This self-proclaimed "womanist" was born in Eatonton, Georgia in 1944 to a sharecropping family. At the age of eight, she was accidentally shot in the eye with a BB gun. Her parents did not have access to a car and, by the time she received medical attention, irreversible damage had been done. Walker spent much of her childhood withdrawn from others because of the disfigurement. She began to "really see people and things, to notice relationships and to learn to be patient enough to care about how they turned out" and wrote poetry to ease her loneliness (Draper 1808).

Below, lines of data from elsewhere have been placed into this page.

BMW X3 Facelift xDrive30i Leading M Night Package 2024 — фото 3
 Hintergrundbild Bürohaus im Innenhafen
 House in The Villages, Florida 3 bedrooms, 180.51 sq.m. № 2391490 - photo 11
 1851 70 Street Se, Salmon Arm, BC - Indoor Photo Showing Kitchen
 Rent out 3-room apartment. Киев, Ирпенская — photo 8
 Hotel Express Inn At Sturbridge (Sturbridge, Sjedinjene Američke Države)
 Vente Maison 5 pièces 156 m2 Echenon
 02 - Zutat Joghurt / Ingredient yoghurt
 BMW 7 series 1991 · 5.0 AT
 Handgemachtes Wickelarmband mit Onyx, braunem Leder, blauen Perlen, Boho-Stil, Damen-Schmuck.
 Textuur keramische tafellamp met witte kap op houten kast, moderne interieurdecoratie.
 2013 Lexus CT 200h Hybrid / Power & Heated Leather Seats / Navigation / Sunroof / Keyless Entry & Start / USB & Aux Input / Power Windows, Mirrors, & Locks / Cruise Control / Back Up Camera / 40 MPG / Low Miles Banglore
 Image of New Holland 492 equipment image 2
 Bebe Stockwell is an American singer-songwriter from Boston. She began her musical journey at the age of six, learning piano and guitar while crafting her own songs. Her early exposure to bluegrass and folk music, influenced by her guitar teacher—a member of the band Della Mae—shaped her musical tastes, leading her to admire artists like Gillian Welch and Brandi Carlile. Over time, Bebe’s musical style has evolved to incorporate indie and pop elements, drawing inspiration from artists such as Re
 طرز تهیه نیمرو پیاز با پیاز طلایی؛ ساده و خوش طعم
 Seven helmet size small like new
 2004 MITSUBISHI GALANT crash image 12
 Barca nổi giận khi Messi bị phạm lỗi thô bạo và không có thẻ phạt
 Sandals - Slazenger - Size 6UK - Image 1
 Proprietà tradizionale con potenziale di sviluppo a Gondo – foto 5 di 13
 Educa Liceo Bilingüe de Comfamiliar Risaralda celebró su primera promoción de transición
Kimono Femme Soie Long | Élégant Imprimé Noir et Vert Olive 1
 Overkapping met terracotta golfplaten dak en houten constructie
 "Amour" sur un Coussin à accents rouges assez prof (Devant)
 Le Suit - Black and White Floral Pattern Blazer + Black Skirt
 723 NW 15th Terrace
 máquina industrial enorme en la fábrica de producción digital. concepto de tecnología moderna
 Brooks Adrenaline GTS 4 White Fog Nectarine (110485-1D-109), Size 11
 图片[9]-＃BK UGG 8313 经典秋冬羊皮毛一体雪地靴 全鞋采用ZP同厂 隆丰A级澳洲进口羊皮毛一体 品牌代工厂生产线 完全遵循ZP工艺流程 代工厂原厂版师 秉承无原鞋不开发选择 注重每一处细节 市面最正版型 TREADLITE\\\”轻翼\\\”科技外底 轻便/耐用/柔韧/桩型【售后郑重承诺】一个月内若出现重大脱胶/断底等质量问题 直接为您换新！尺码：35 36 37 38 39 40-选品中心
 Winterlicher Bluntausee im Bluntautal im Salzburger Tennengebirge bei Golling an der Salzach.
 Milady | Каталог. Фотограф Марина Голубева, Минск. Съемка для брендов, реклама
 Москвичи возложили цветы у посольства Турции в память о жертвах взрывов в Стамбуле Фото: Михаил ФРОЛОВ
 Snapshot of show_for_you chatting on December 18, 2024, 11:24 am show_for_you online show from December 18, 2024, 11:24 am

In 1961, Alice won a scholarship to Spelman College in Atlanta. Here, she became involved in the civil rights movement and participated in sit-ins at local businesses. Two years later, she transferred to Sarah Lawrence College in Bronxville, New York. She graduated in 1965.
The following summer was spent in Mississippi as an activist and teacher. She also met her future husband, Melvyn Leventhal, who was, at that time, a Jewish civil rights attorney.
Transformation-2
The two married in 1967 and continued their activist work in Mississippi. They were the first legally married interracial couple to live in the state capital of Jackson.
Since their divorce in 1976, Walker has focused more on her writing and has taught at various colleges and universities (Draper 1808).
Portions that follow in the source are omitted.